BGC Group is conducting the exchange offers to simplify its capital structure following the corporate conversion completed on July 1, 2023, whereby BGC Partners became a wholly owned subsidiary of BGC Group, and to give existing holders of the Old Notes the opportunity to obtain New Notes issued by BGC Group, which will rank pari passu with BGC Group’s other unsecured senior indebtedness. In connection with the closing of the exchange offers, BGC Group intends to assume BGC Partners’ credit facilities. BGC Group also intends to be the issuer and obligor on future debt issuances and credit arrangements, rather than BGC Partners.

In connection with the exchange offers, BGC Group is soliciting consents (the “consent solicitations”) from holders of the Old Notes (on behalf of BGC Partners) to certain proposed amendments (collectively, the “proposed indenture amendments”) to the corresponding indenture and supplemental indentures pursuant to which such Old Notes were issued (collectively, the “Old Notes Indentures”) which amendments will, among other things, eliminate certain affirmative and restrictive covenants and events of default in the Old Note Indentures. BGC Group is also soliciting consents (on behalf of BGC Partners) from each holder of BGC Partners’ outstanding 8.000% Senior Notes due May 25, 2028 (the “Old 2028 Notes”) to amend the Registration Rights Agreement, dated May 25, 2023, relating to the Old 2028 Notes, to terminate such agreement (collectively, with the proposed indenture amendments, the “proposed amendments”). If the proposed amendments become effective with respect to any series of Old Notes, the amendments will apply to all Old Notes of such series not tendered in the applicable exchange offer.

The exchange offers and consent solicitations commenced on September 6, 2023 and expire at 5:00 p.m., New York City time, on October 4, 2023 (the “Expiration Date”), unless extended or earlier terminated. In exchange for each $1,000 principal amount of Old Notes that is validly tendered prior to 5:00 p.m., New York City time, on September 19, 2023, unless extended (such date and time, as it may be extended, the “Early Participation Date”), and not validly withdrawn, holders of such Old Notes will be eligible to receive the total consideration set out in the table above (the “Total Consideration”), which consists of $1,000 principal amount of the corresponding New Notes and a cash amount of $1.00. The Total Consideration includes an early participation premium set out in the table above (the “Early Participation Premium”), which consists of $30 principal amount of the corresponding series of New Notes per $1,000 principal amount of Old Notes.

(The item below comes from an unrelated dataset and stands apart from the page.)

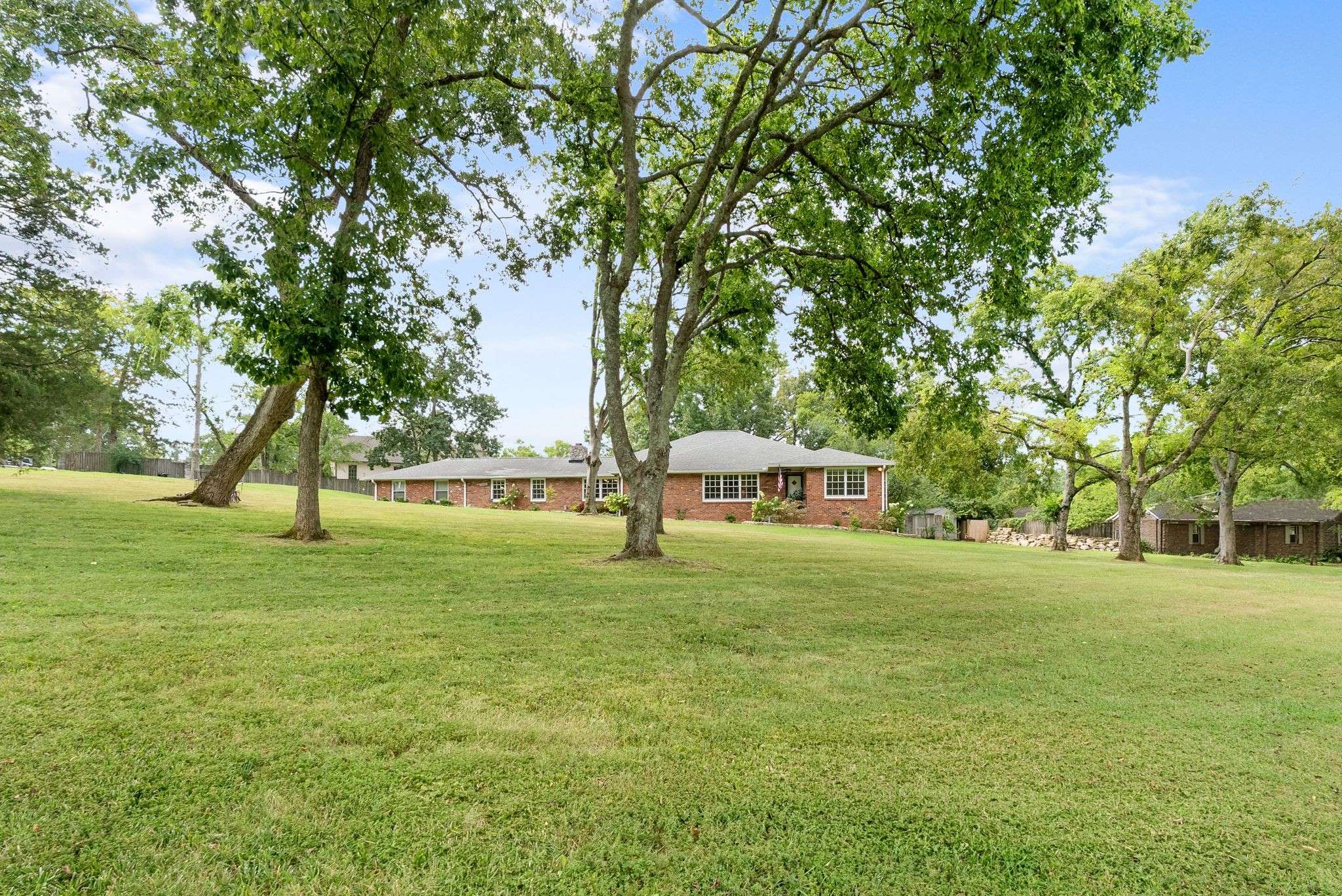 615 W Meade Dr, Nashville, TN 37205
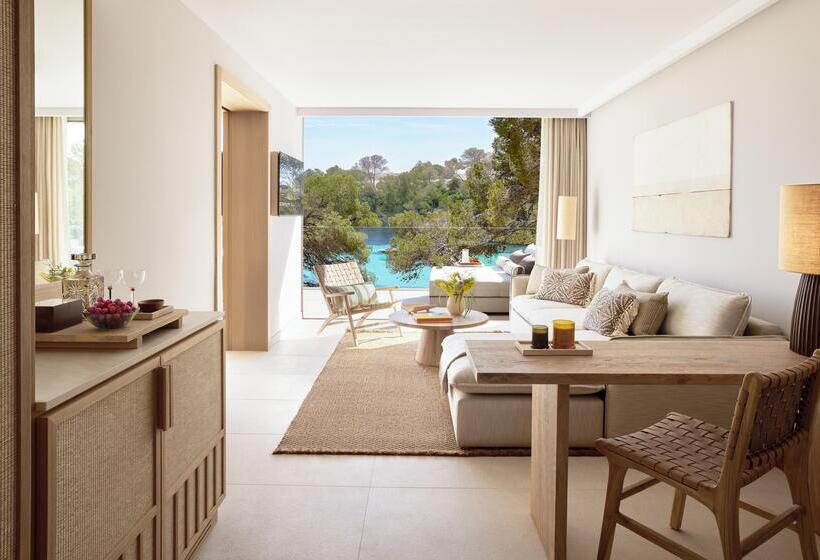 리조트 Ikos Porto Petro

In exchange for each $1,000 principal amount of Old Notes that is validly tendered after the Early Participation Date but prior to the Expiration Date and not validly withdrawn, holders of such Old Notes will be eligible to receive only the exchange consideration set out in the table above (the “Exchange Consideration”), which is equal to the Total Consideration less the Early Participation Premium and so consists of $970 principal amount of New Notes of the corresponding series and a cash amount of $1.00. The consummation of each exchange offer is subject to, and conditional upon, the satisfaction or, where permitted, waiver of the conditions in the Prospectus and the Letter of Transmittal, and the Registration Statement having been declared effective by the SEC. BGC Group may, at its option, waive any such conditions except for the condition that the Registration Statement of which the Prospectus forms a part has been declared effective by the SEC. All conditions to the exchange offers must be satisfied or, where permitted, waived, at or by the Expiration Date.

The New Notes will be unsecured and unsubordinated obligations of BGC Group and will rank equally with each other and with all other unsecured and unsubordinated indebtedness of BGC Group issued from time to time.

Each New Note issued in exchange for an Old Note will have an interest rate, interest payment dates and maturity that are the same as the interest rate, the interest payment dates and maturity of the tendered Old Note, as well as substantively the same optional redemption provisions. No accrued but unpaid interest will be paid on the Old Notes in connection with the exchange offers. However, interest on the applicable New Note will accrue from and including the most recent interest payment date of the tendered Old Note. Subject to the minimum denominations as described in the Registration Statement, the principal amount of each New Note will be rounded down, if necessary, to the nearest whole multiple of $1,000, and BGC Group will pay a cash rounding amount equal to the remaining portion, if any, of the exchange price of such Old Note, plus accrued and unpaid interest with respect to such portion of the Old Notes not exchanged.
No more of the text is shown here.